Along these lines, one pattern is to build a widget or page that renders in straight html and has links to take you to pages to perform actions. If javascript exists, scoop up the html and introspect it to build your rich widget. If the javascript never loads, you have a working page.
This, I believe is a good use of custom data attributes. When your JS introspects the html, it can use data here for configuration and setting values. It's messy and often impossible to use the same values you output to html in your javascript models. (For instance you might have a Number with arbitrary percision on your model, but only spit it onto the page with decimal points.)
But, yeah sure. It's a some extra work and planning we don't always have time for.
I admit my Google searching turned up no useful results about hash-banging URLs for new websites, only Google's attempt to index sites that ignored progressive enhancement and hid all content behind Ajax calls.
"Sounds great, but what happens when you click to a new article, which is loaded with AJAX?"
If you want to load the content in via Ajax, you start with a valid and direct URL to a piece of content. You can then use JavaScript on the click handler to mangle the URL into a hash-bang, and then proceed as you wish. You get all the benefits of hash-bang without the downside of uncrawlable URLs.
"now it's "/#!downloads/5753887". I can bookmark this, send the link to a friend, etc etc."
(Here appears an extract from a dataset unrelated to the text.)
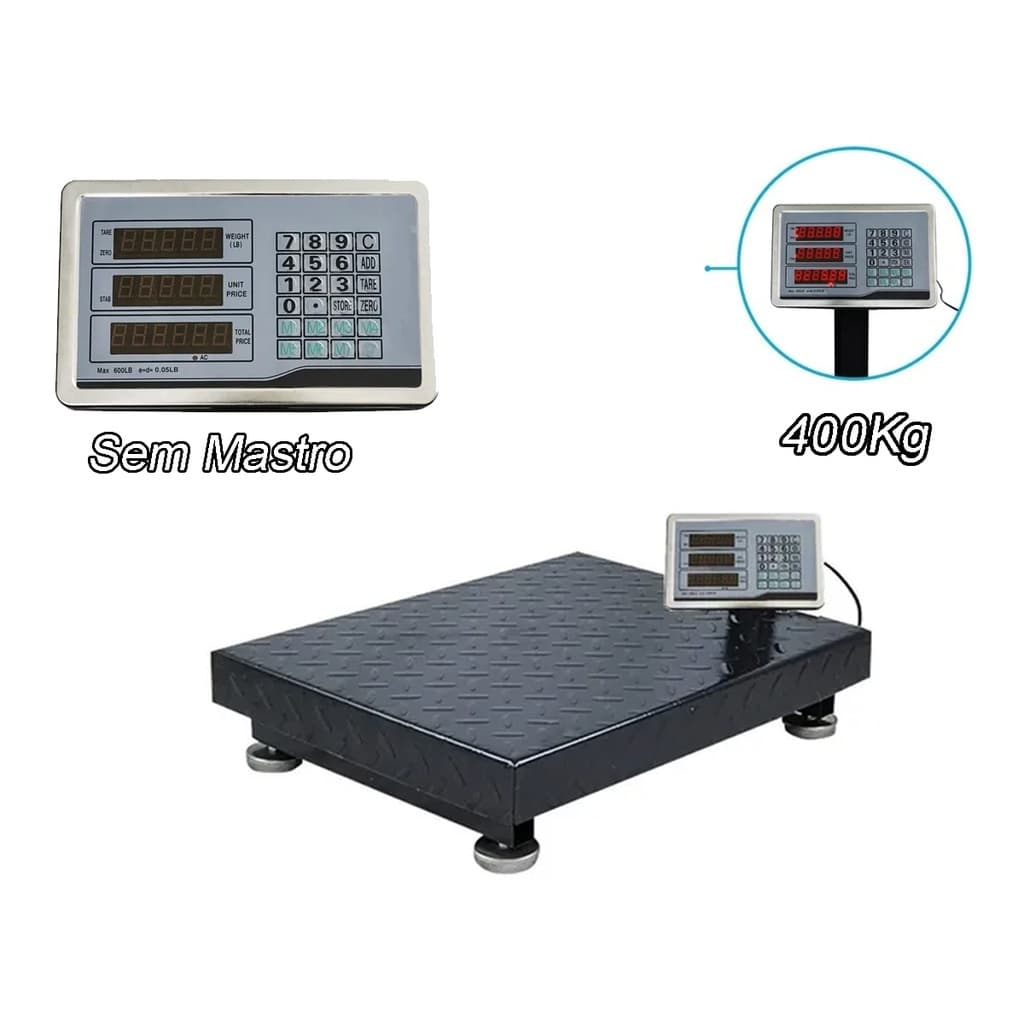 Balança De Plataforma 40x50 Sem Haste Painel Digital 400kg Pronta Entrega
* Bookmark it to a third party service - yes (assuming they don't truncate fragment identifiers!) * That service then retrieves the content of that article (for summarising, entity recognition, extracting microformatted data). no.
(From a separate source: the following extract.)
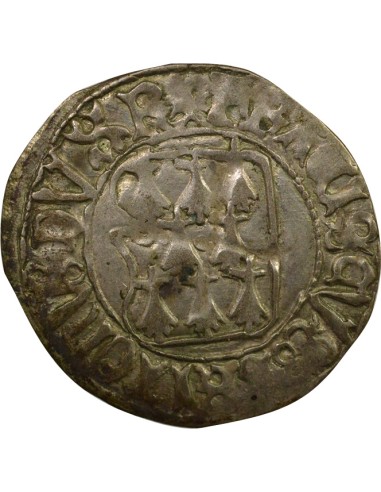 Duché de Bretagne François II de Bretagne A la Targe 1 blanc Billon 1458-1488 9 Rennes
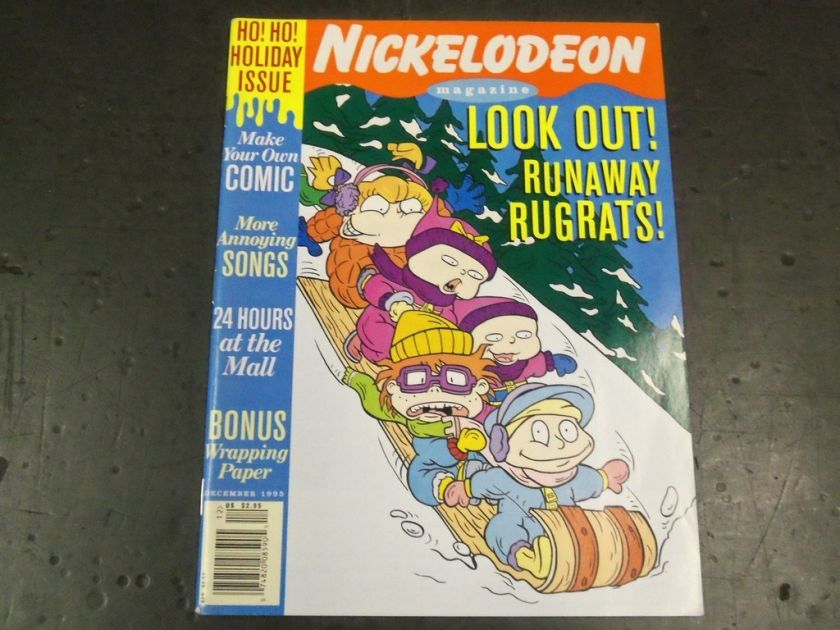 1995 DECEMBER NICKELODEON MAGAZINE   RUNAWAY RUGRATS   BT 8238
The hash-bang URL is not a direct reference to the piece of content. The indirection shenanigans isn't part of HTTP/1.1 or RFC-2396. So it's not Restful for starters.
"after all preserving state isn't that important, right"
That can be done without making all links on the page non-traversable with a crawler.
"Conclusion: If you must load content with AJAX, using URL fragments to track state is the most functional and cleanest-URL option available."
a clean URL would not be an indirect reference that would need to be reformatted into a direct reference before being curled.
State can be done without mangling URLs in this way.